Ordinarily, I would have said nothing; but it seemed to me that my dealings with my son were at stake. So I said, "Rach, please let's try to keep things in perspective."

"Perspective? And what perspective would that be? The perspective of the free press of America? Is that where you get your perspective, Hans?" She made a harsh sound of mirth. "From TV networks funded by conservative advertisers? From the Wall Street Journal? From the Times, that establishment stooge? Why not Ari Fleischer, while you're at it?"

Not for the first time, I was finding it hard to believe this was the woman I'd married -- a corporate litigator, let's not forget, radicalized only in the service of her client and with not the smallest bone to pick about money and its doings.

"You want Jake to grow up with an American perspective? Is that it? You want him to not be able to point to Britain on a map? You want him to believe that Saddam Hussein sent those planes into the Towers?"

Specks of snow, small and dark as flies, swarmed before me. I said, "Of course he wouldn't grow up in ignorance. We wouldn't allow it."
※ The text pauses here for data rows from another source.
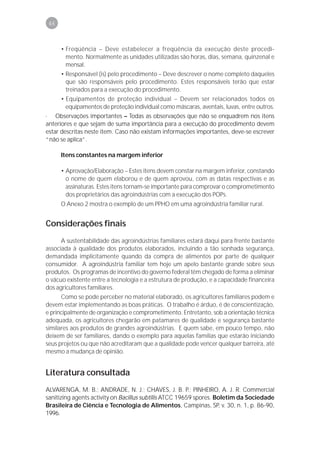 46



      • Freqüência – Deve estabelecer a freqüência da execução deste procedi-
        mento. Normalmente as unidades utilizadas são horas, dias, semana, quinzenal e
        mensal.
      • Responsável (is) pelo procedimento – Deve descrever o nome completo daqueles
        que são responsáveis pelo procedimento. Estes responsáveis terão que estar
        treinados para a execução do procedimento.
      • Equipamentos de proteção individual – Devem ser relacionados todos os
        equipamentos de proteção individual como máscaras, aventais, luvas, entre outros.
· Observações importantes – Todas as observações que não se enquadrem nos itens
anteriores e que sejam de suma importância para a execução do procedimento devem
estar descritas neste item. Caso não existam informações importantes, deve-se escrever
“não se aplica”.

      Itens constantes na margem inferior

      • Aprovação/Elaboração – Estes itens devem constar na margem inferior, constando
        o nome de quem elaborou e de quem aprovou, com as datas respectivas e as
        assinaturas. Estes itens tornam-se importante para comprovar o comprometimento
        dos proprietários das agroindústrias com a execução dos POPs.
      O Anexo 2 mostra o exemplo de um PPHO em uma agroindústria familiar rural.


Considerações finais
      A sustentabilidade das agroindústrias familiares estará daqui para frente bastante
associada à qualidade dos produtos elaborados, incluindo a tão sonhada segurança,
demandada implicitamente quando da compra de alimentos por parte de qualquer
consumidor. A agroindústria familiar tem hoje um apelo bastante grande sobre seus
produtos. Os programas de incentivo do governo federal têm chegado de forma a eliminar
o vácuo existente entre a tecnologia e a estrutura de produção, e a capacidade financeira
dos agricultores familiares.
      Como se pode perceber no material elaborado, os agricultores familiares podem e
devem estar implementando as boas práticas. O trabalho é árduo, é de conscientização,
e principalmente de organização e comprometimento. Entretanto, sob a orientação técnica
adequada, os agricultores chegarão em patamares de qualidade e segurança bastante
similares aos produtos de grandes agroindústrias. E quem sabe, em pouco tempo, não
deixem de ser familiares, dando o exemplo para aquelas famílias que estarão iniciando
seus projetos ou que não acreditaram que a qualidade pode vencer qualquer barreira, até
mesmo a mudança de opinião.


Literatura consultada
ALVARENGA, M. B.; ANDRADE, N. J.; CHAVES, J. B. P.; PINHEIRO, A. J. R. Commercial
sanitizing agents activity on Bacillus subtilis ATCC 19659 spores. Boletim da Sociedade
Brasileira de Ciência e Tecnologia de Alimentos, Campinas, SP, v. 30, n. 1, p. 86-90,
1996.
She said, "Bush wants to attack Iraq as part of a right-wing plan to destroy international law and order as we know it and replace it with the global rule of American force. Tell me which part of that sentence is wrong, and why."

As usual, she was too quick for me.
I kind of think Obama may have noticed this section, too. Whadda ya think? This is exactly the kind of thing my friend in the Netherlands seemed to think about America when we talked about it a few years ago. I think the writing is spot on, in this case, showing what our erstwhile friends in Europe (and other places) thought about us during the Bush administration.

How would you rate this book?
I rate the book an 8 out of 10 because of the writing, even though I find the main character himself rather timid and uninteresting.